Kendaraan itu melaju kencang menembus kegelapan malam. Sepanjang jalan mereka terdiam dan tak saling berbicara sepatah katapun. Surti tak berani berkata-kata demi dilihatnya lelaki itu berwajah serius dan terlihat seolah memikirkan sesuatu. Satu jam kemudian kendaraan itu berhenti di sebuah tanah lapang. Berdua mereka turun dari kendaraan. Surti tak tahu ia sudah berada di mana. Gadis dusun itu tidak pernah ke mana-mana sedari kecil. Ia hanya hidup berdua dengan ibunya di kampung itu. Bapaknya sudah lama meninggal, ketika Surti masih berusia 4 tahun. Kakak lelakinya pergi entah ke mana dan tak pernah kembali lagi menengok dia dan ibunya. Bahkan Surti juga lupa seperti apa wujud sang kakak. Begitulah. Surti tak pernah pergi ke tempat yang lebih jauh dari kampungnya.
Berdua Surti dan Mitro menyusuri jalan setapak yang ditumbuhi ilalang cukup tinggi di bagian kanan dan kiri jalan. Di kejauhan sana ia melihat sinar lampu cukup terang dari sebuah rumah yang terletak di tanah lapang. Langkah kaki Surti kokoh nian mengikuti langkah Mitro yang berjalan cepat di depannya.

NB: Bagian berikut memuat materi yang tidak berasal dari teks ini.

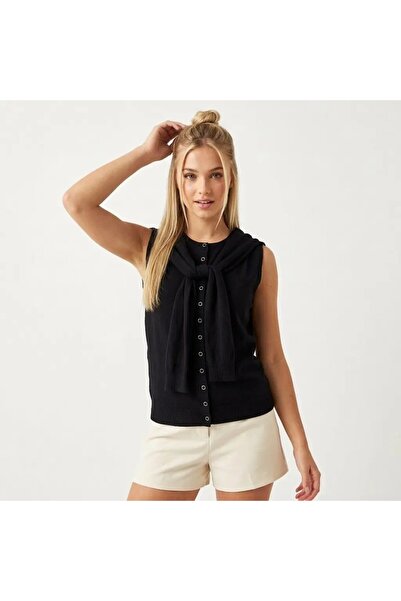 Park Karon 12476 Shawl Detailed Crew Neck Viscose Yarn Knitwear Vest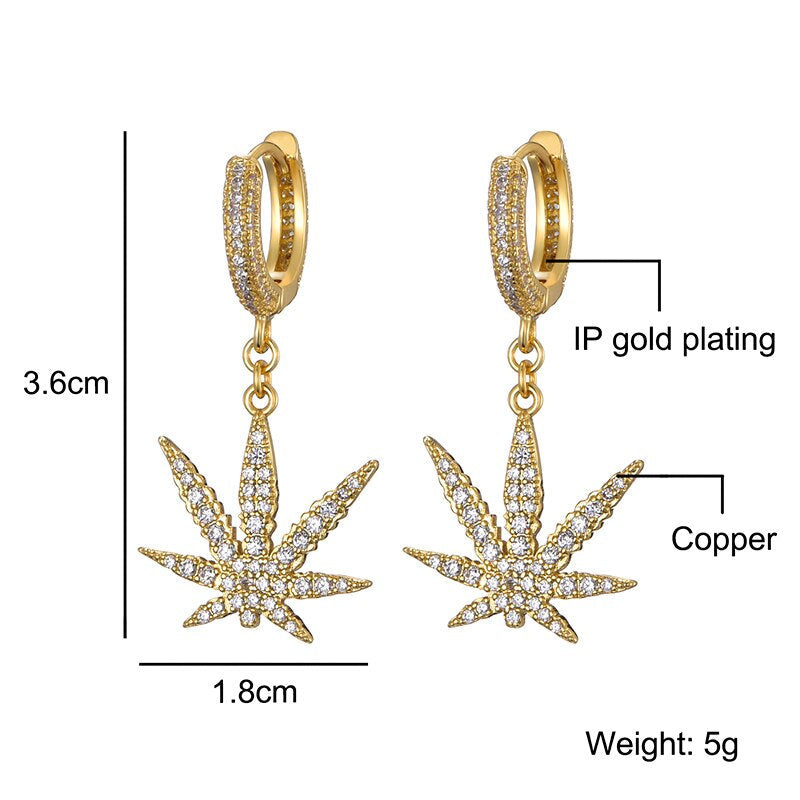1Pair Iced Zircon Pot Leaf CZ Stone Earrings for Men Women Jewelry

“Mau kemana kita Pak? Jangan jauh-jauh.............nanti aku susah pulangnya!” seru Surti.
“Nanti kan aku antar? Ikut aku dulu.....!” Mitro menengok dan berhenti sebentar.
“Tapi jangan macam-macam lo, Pak. Nanti aku lapor polisi.” suara Surti ketakutan. Ia ingin lari tapi jalan raya cukup jauh dari tempat itu. Apalagi ia juga tak begitu yakin apakah laki-laki ini jahat atau baik. Ia berkomat-kamit sendiri.
Dua hari yang lalu lelaki ini menyewanya. Tapi ajaibnya Surti tak disentuhnya sama sekali. Ia hanya disuruh mendengarkan semua cerita tentang mendiang ayahnya yang suka memukuli ibunya, tentang adiknya yang bekerja sebagai wanita pekerja malam kelas tinggi di ibukota dan sudah meninggal karena over dosis, tentang kekasihnya yang meninggalkannya dan menerima pinangan seorang taukeh pemilik toko bahan bangunan.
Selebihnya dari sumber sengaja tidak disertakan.